Writing your very own Ruby extension with C

22 January 2007

Ruby is an extremely powerful and flexible language, but Ruby is also slow. According to performance zealots, when you use Ruby, you have signed a pact with the devil where you agreed to trade off pure effeciency for simplicity. It's a bit more complex than that though, because 90% of the time, your ruby script will either be waiting for I/O, or executing API functions written in C.

Still, there are many reasons why you would want to write C extensions for Ruby. Say, for instance, there is this wonderful library that does exactly what you need, but there is no Ruby binding available for it. You could write your very own binding for Ruby with C! Or maybe you have a block of code that requires a lot of calculation power, is executed millions of times or for some reason has to run very fast, it could be useful to write this part of your code in a faster language, like C, and call that code from your ruby script. Or perhaps you already have a perfectly good implementation of a certain algorithm in C, and you don't want to convert it to ruby.

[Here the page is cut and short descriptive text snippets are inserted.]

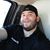 Calvin Kimbrough's profile image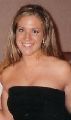 Rebeckah Londono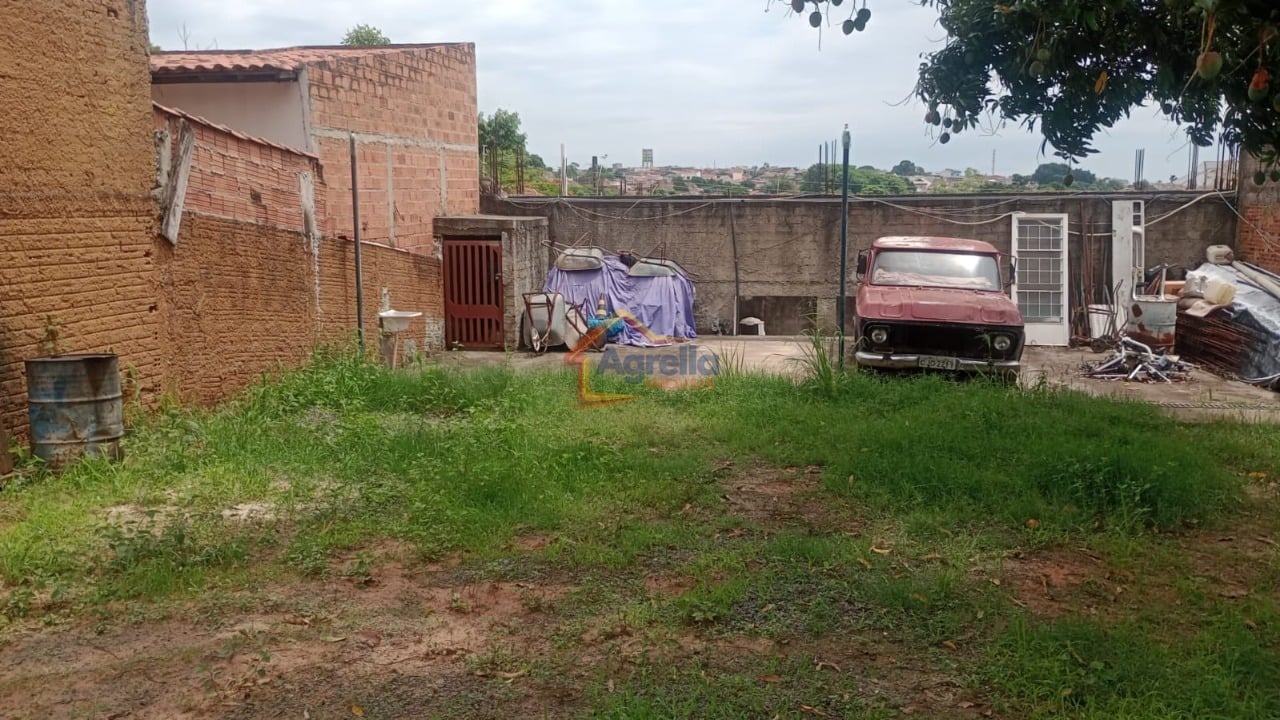 Terreno, 300 m² - Foto 6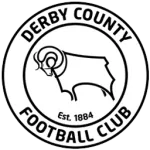 Derby County U21
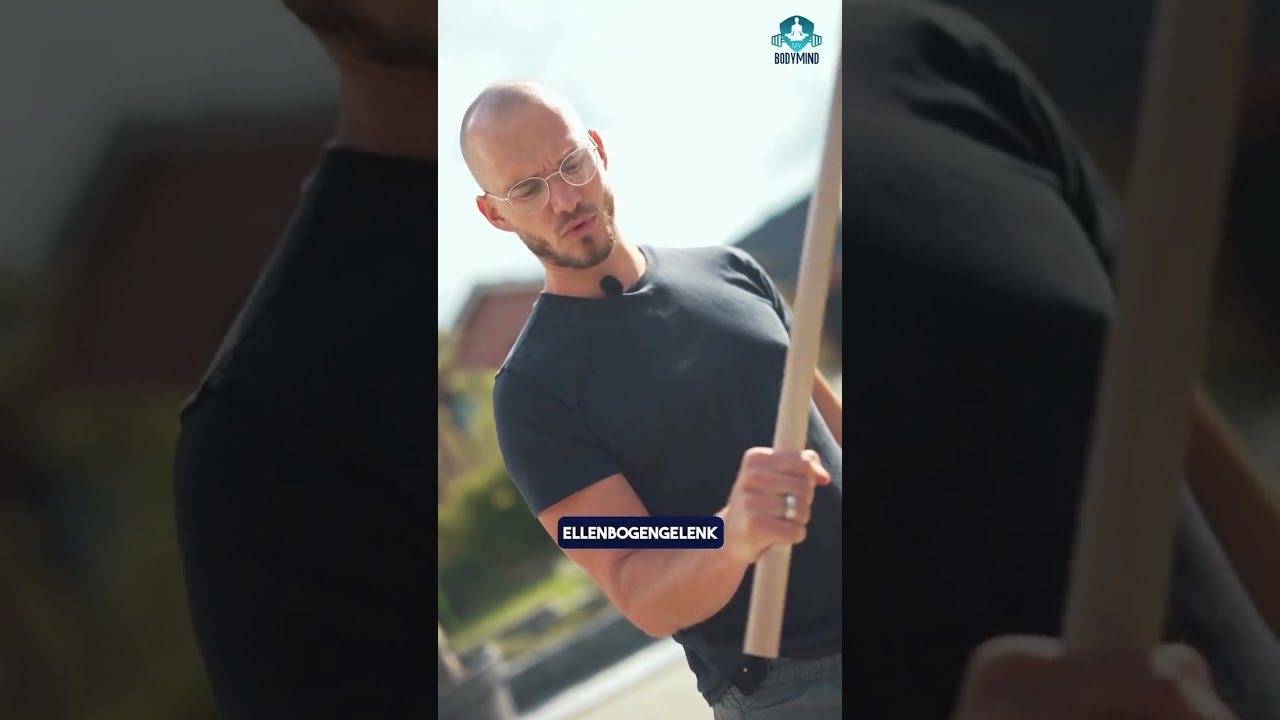 Schmerzen im Handgelenk? Versuch&rsquo;s mal mit den folgenden &Uuml;bungen! 💪🏻 #handgelenk #handgelenke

If you're a serious ruby user, chances are that one day you'll need to write an extension in C, so you'd better read ahead.

What you need

Obviously, you will need a ruby interpreter and a C compiler. I will be using the gcc and ruby packages from Ubuntu/Edgy's repositories throughout this article. At the time of writing, this is gcc 4.1.2 and ruby 1.8.4. On Windows(R), I will be using Microsoft Visual Studio 6.0 Professional Edition. If you're using Visual Studio, you should replace make by nmake in the examples below and make the proper modifications to your %PATH% variable.

The secret ingredient needed to make your C code interact with Ruby is ruby.h. On Ubuntu it is included in the ruby1.8-dev package. On Windows(R), it's automatically installed if you use the One-Click Installer.

(Note that it is best to use the same C compiler as the one that was used to compile ruby, to avoid compatibility issues. The Windows binaries on Ruby-lang.org are compiled with MSVC 6.0, which is almost compatible with MinGW, but not with newer versions of MSVC)

Defining functions, modules, classes and methods from C

For starters, we will try and call a simple hello world. Here is the code we want to call:

    1#include <ruby.h>
    2#include <stdio.h>
    3
    4VALUE hello_world()
    5{
    6   puts("Hello World!");
    7   return Qnil;
    8}

There are a few things that you won't recognize if you haven't written a ruby extension before:

VALUE: VALUE is defined by ruby.h, and represents a ruby object. Every method or function that can be called from ruby has to return a VALUE. Every parameter passed from ruby will be a VALUE. I will discuss the use of VALUEs in more detail below.
Qnil: This is a variable representing the ruby nil object. Other variables like this are Qtrue, Qfalse and Qundef.

To call this code from ruby you should decide how and where you want to call the code: do you want it to be a global function, a module function (or a static function of a class, which is actually the same to ruby), or an instance method. Examples for all of these are included in the download at the bottom of the page, but I'll only show how to create an instance method here because this is the most used technique and we will expand the example later.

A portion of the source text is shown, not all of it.